1976 single by the Bee Gees

"Love So Right" is an R&B ballad recorded by the Bee Gees. It was the second single released on the album Children of the World.

==Background==
It was written by Barry, Robin and Maurice Gibb early in 1976. Recording started on 18 January, then 8 February and finished on 8 May in Quebec, Canada with the other songs "Can't Keep a Good Man Down", "Boogie Child", "Subway", "The Way It Was" and "You Should Be Dancing". It was the second consecutive Bee Gees single (following "You Should Be Dancing") to feature Barry Gibb's falsetto exclusively for lead vocals. Barry later stated that the song's R&B influence was inspired by the group "trying to be The Delfonics."

==Release==
"Love So Right" hit number three on the Billboard Hot 100 as well as charting on the Billboard Adult Contemporary chart.
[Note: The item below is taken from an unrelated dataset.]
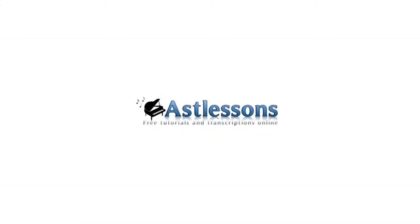Visit astlessons.com for lyrics and chords, sheet music, tablatures, useful links and much more.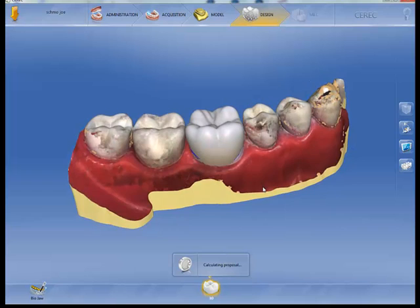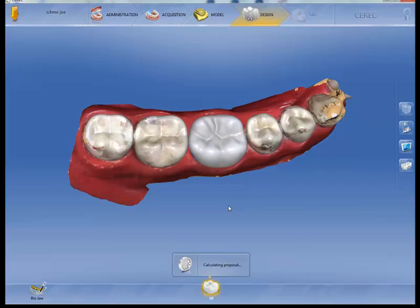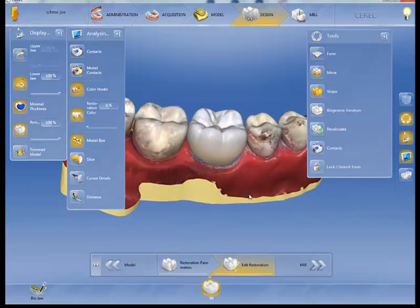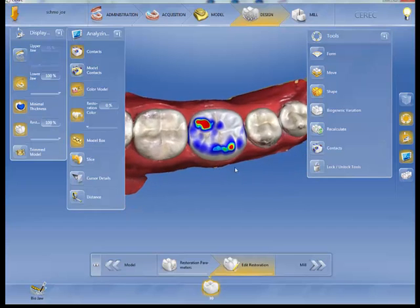It doesn't try to put it into harmony with the adjacent teeth or with the opposing arch. I told it to put it in that position and it keeps it there. If I turn the contacts on, you can see that it's in hyper occlusion — because that's where I put it.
In addition, it was a minor hit on the Billboard Black Singles chart, peaking at number 37. Its B-side was "You Stepped into My Life". In Canada, "You Stepped into My Life" was chosen as the A-side and this song was the B-side.

==Reception==
Cash Box said that "the R&B flavor is still there, so the appeal is across the board" and "those famous harmonies are in full force." Record World said that while it is "slower and not as overtly disco" as the Bee Gees' previous single "You Should Be Dancing", "there appears to be no way they could miss with material like this." Rolling Stone critic Joe McEwen called it "a frothy pop ballad modeled closely after [the Bee Gees'] own 'Fanny,' and the current record's only saving grace is a whiny soul falsetto, somewhere between Tony Washington of the Dynamic Superiors and the Stylistics' Russell Tompkins."

==Track listing==

Original release
| No. | Title | Length |
|---|---|---|
| 1. | "Love So Right" | 3:19 |
| 2. | "You Stepped Into My Life" | 3:25 |

US promo single
| No. | Title | Length |
|---|---|---|
| 1. | "Love So Right" (stereo version) | 3:19 |
| 2. | "Love So Right" (mono version) | 3:19 |

==Chart performance==

===Weekly charts===

| Chart (1976–1977) | Peak position |
|---|---|
| Australia Kent Music Report | 28 |
| Brazilian Singles Chart | 1 |
| Canadian RPM Singles Chart | 2 |
| Germany Media Control Charts | 38 |
| Irish Singles Chart | 14 |
| UK The Official Charts Company | 41 |
| US Billboard Hot 100 | 3 |
| US Billboard Easy Listening | 14 |

===Year-end charts===

| Chart (1977) | Rank |
|---|---|
| Canada | 105 |
| US Billboard Hot 100 | 80 |

==Certifications==

| Region | Certification | Certified units/sales |
| Canada (Music Canada) | Gold | 75,000^{^} |
| United States (RIAA) | Gold | 1,000,000^{^} |
^{^} Shipments figures based on certification alone.